Elle estime pour sa part qu'au delà de l'analyse strictement formelle faite par j.-f. BO. ces critères ne sont nullement réunis en l'espèce ; qu'en effet ce dernier n'exerçait pas de fonctions techniques distinctes de son mandat social dès lors ;

  • que n'étant pas pharmacien, il ne pouvait assumer la responsabilité pharmaceutique,

  • que le Comptoir Pharmaceutique Méditerranéen disposait d'un directeur général chargé notamment de l'aspect financier, d'un directeur commercial, d'un directeur qualité et enfin d'une direction administrative et comptable ; qu'en outre j.-f. BO., au regard de l'étendue des pouvoirs qui lui étaient conférés en sa qualité de Président Délégué par le Conseil d'Administration, ne se trouvait pas à l'égard de la société en l'état de subordination caractéristique d'une relation salariée ;

Elle relève en dernier lieu que j.-f. BO. ne percevait qu'une seule et unique rémunération ;

SUR CE,

Il résulte des pièces versées aux débats par j.-f. BO. que ce dernier a été embauché à compter du 16 juin 1975 en qualité de conseiller technique par la SAM Comptoir Pharmaceutique Méditerranéen ; qu'il a par ailleurs, par une délibération de l'Assemblée Générale des actionnaires en date du 19 mars 1981 été nommé aux fonctions d'administrateur ; qu'en outre par délibération en date du même jour le Conseil d'Administration lui a délégué « les pouvoirs les plus étendus sans limitation ni réserve pour agir au nom de la société et faire toutes les opérations relatives à son objet » ; qu'enfin par décision en date du 19 janvier 1995 le Conseil d'Administration l'a nommé aux fonctions de Président de cet organe, le cumul de ses fonctions de Président et d'Administrateur Délégué lui conférant le titre de Président Délégué ;

Dès lors que l'antériorité du contrat de travail, par rapport à la nomination en qualité de mandataire social est ainsi clairement établie, il incombe en l'espèce au Comptoir Pharmaceutique Méditerranéen, qui soutient qu'il a été mis fin au contrat de travail de j.-f. BO. par sa nomination aux fonctions d'administrateur, puis d'administrateur délégué et enfin de Président délégué d'en rapporter la preuve ;

Il est constant, en droit, que le contrat de travail peut se cumuler avec l'exercice d'un mandat social ;

L'existence matérielle et formelle d'un permis de travail, de déclarations à la C.C.S.S. ou de bulletins de salaires ne suffisant pas toutefois pour bénéficier de la qualité de salarié et de la protection qui s'y attache, le cumul entre un contrat de travail et un mandat social ne peut être admis qu'aux trois conditions suivantes :

  • les fonctions salariées doivent être effectives et distinctes du mandat social ;

  • cet emploi devant répondre aux conditions du salariat, il doit exister un lien de subordination juridique entre l'intéressé et la société ;

  • la rémunération servie au titre du contrat de travail doit être distincte de celle allouée au titre du mandat social.

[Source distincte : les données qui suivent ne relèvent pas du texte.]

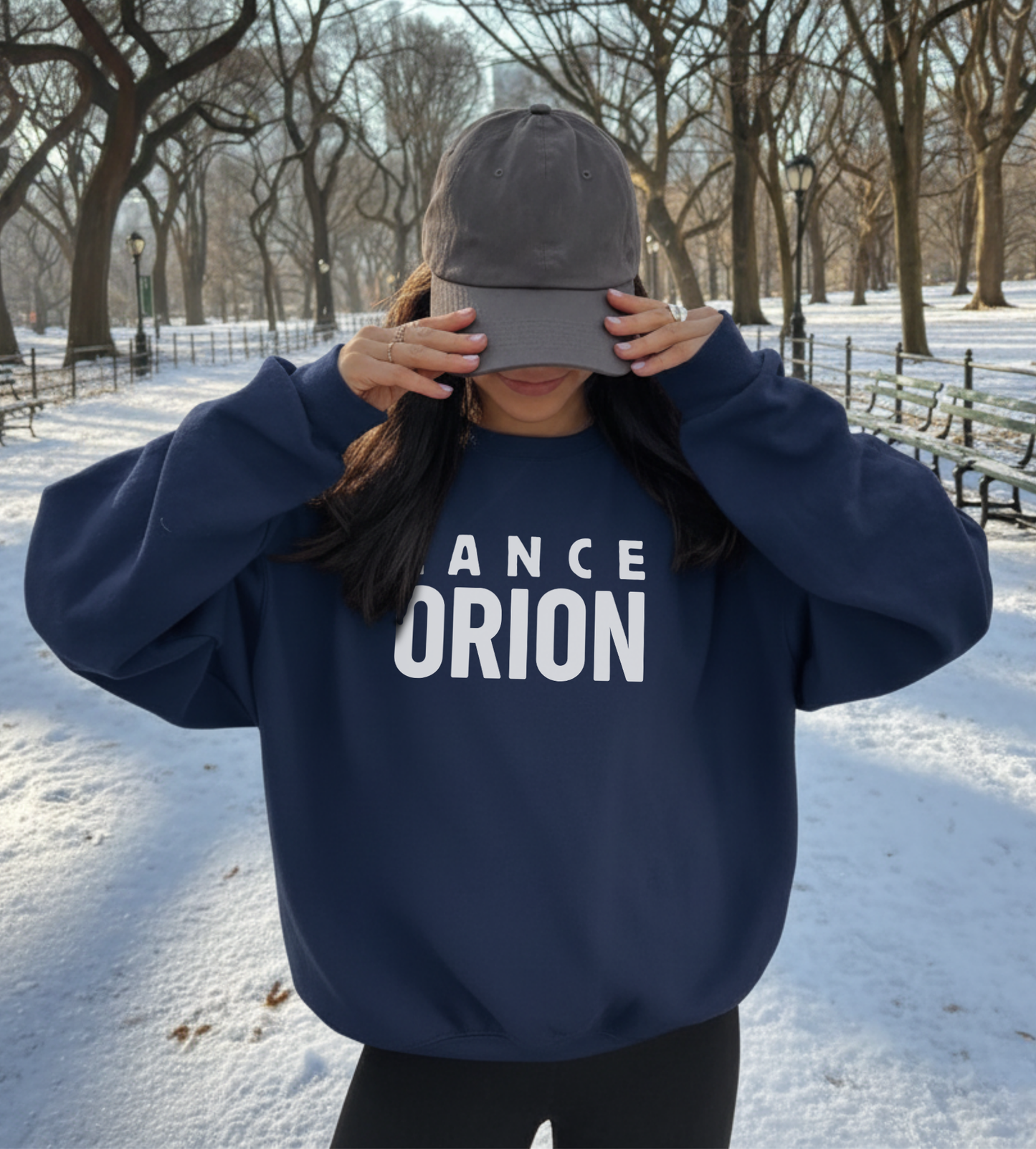 Lance Orion Book Boyfriend Sweatshirt [NEW!]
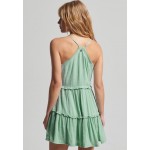 Kobiety DRESS | Superdry VINTAGE BRODERIE CAMI - Sukienka letnia - fresh mint/zielony - WQ65366
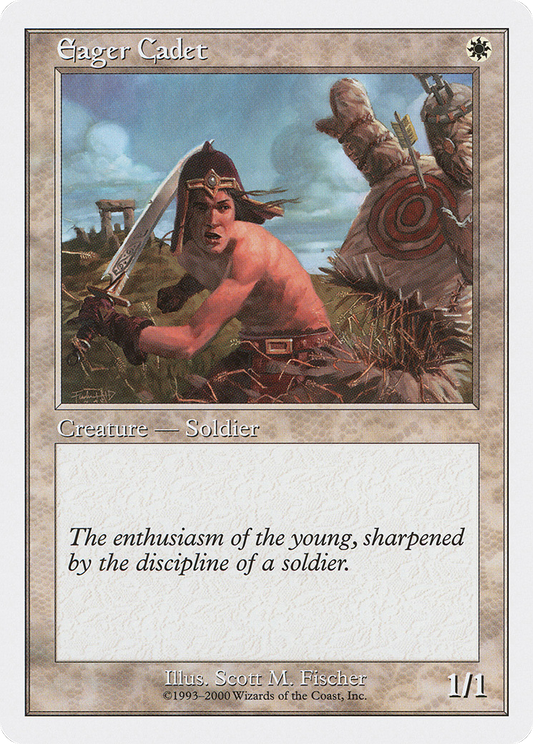 Eager Cadet (S00-005)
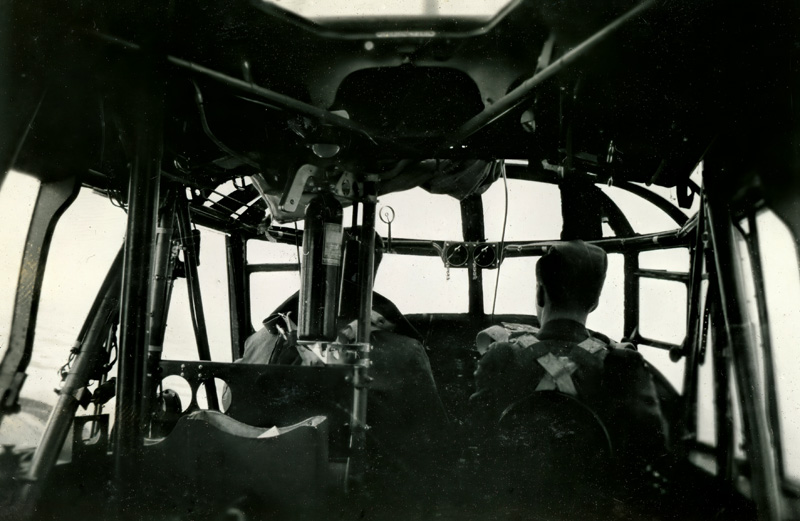 Anson Cockpit  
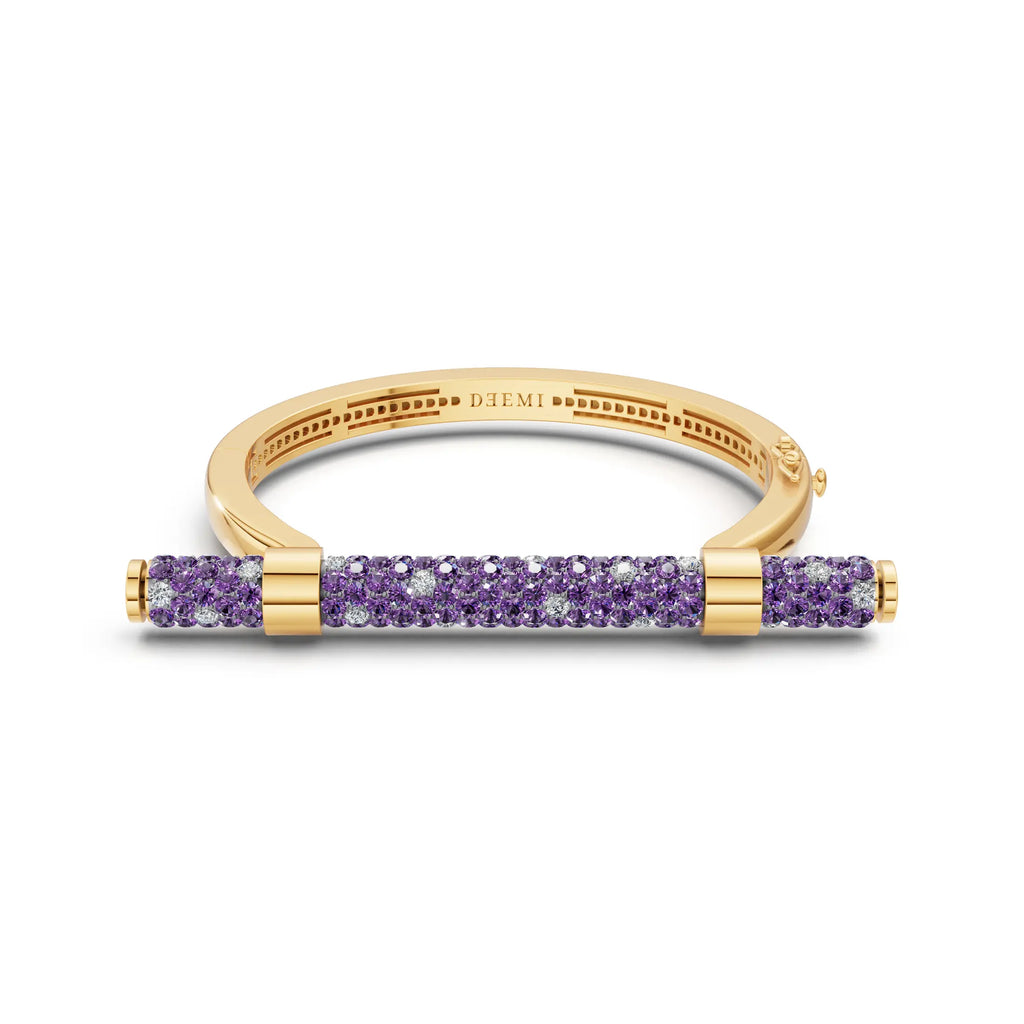 Baton Amethyst Handcuff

C'est à juste titre que la SAM Comptoir Pharmaceutique Méditerranéen soutient que les conditions du cumul ne sont pas réunies en l'espèce ;

Il ressort en effet des pièces produites aux débats par ses soins :

1 * que j.-f. BO. (contrairement aux autres cadres de l'équipe dirigeante) n'exerçait aucune fonction technique effective et distincte du mandat social, la Direction de la société ne relevant pas de par sa généralité d'un contrat de travail, mais du mandat social dont celui-ci était investi ;

2 * que j.-f. BO., s'il a certes vu ses prérogatives limitées par le Conseil d'Administration à compter du 30 juin 1992, étant désormais contraint de solliciter l'autorisation de cet organe pour fournir caution, et garanties de quelque nature que ce soit, acheter, vendre, réaliser toutes valeurs de bourse, céder ou acquérir tous biens ou droits immobiliers et enfin engager des dépenses d'un montant supérieur à 500.000,00 F, exception faite des transactions commerciales courantes avec les fournisseurs ne se trouvait pas pour autant soumis à un contrôle continu de la part de cet organe, générateur de subordination ; qu'en effet il disposait au contraire de pouvoirs très larges et très étendus puisqu'il lui appartenait, entre autres fonctions, de nommer et révoquer tous employés et ouvriers (y compris le Directeur Général de la Société) et de fixer les conditions de leur admission et de leur renvoi ainsi que le montant de tous les traitements et salaires y compris le sien (cf. attestation BR.) ;

3 * que j.-f. BO. ne percevait en tout et pour tout qu'une seule rémunération ;

j.-f. BO. n'ayant plus en définitive depuis le 18 mars 1981 la qualité de salarié de la société dont il a été successivement l'Administrateur Délégué, puis le Président Délégué, il ne pourra dans ces conditions qu'être débouté de l'intégralité de ses prétentions ;

Dispositif🔗

PAR CES MOTIFS

LE TRIBUNAL DU TRAVAIL,

Statuant publiquement, contradictoirement, en premier ressort après en avoir délibéré ;

Dit que Monsieur j.-f. BO. n'avait plus la qualité de salarié de la SOCIÉTÉ ANONYME MONÉGASQUE COMPTOIR PHARMACEUTIQUE MÉDITERRANÉEN dont il était, en dernier lieu, le Président Délégué ;

Déboute en conséquence Monsieur j.-f. BO. de l'intégralité de ses prétentions ;

Le condamne aux dépens.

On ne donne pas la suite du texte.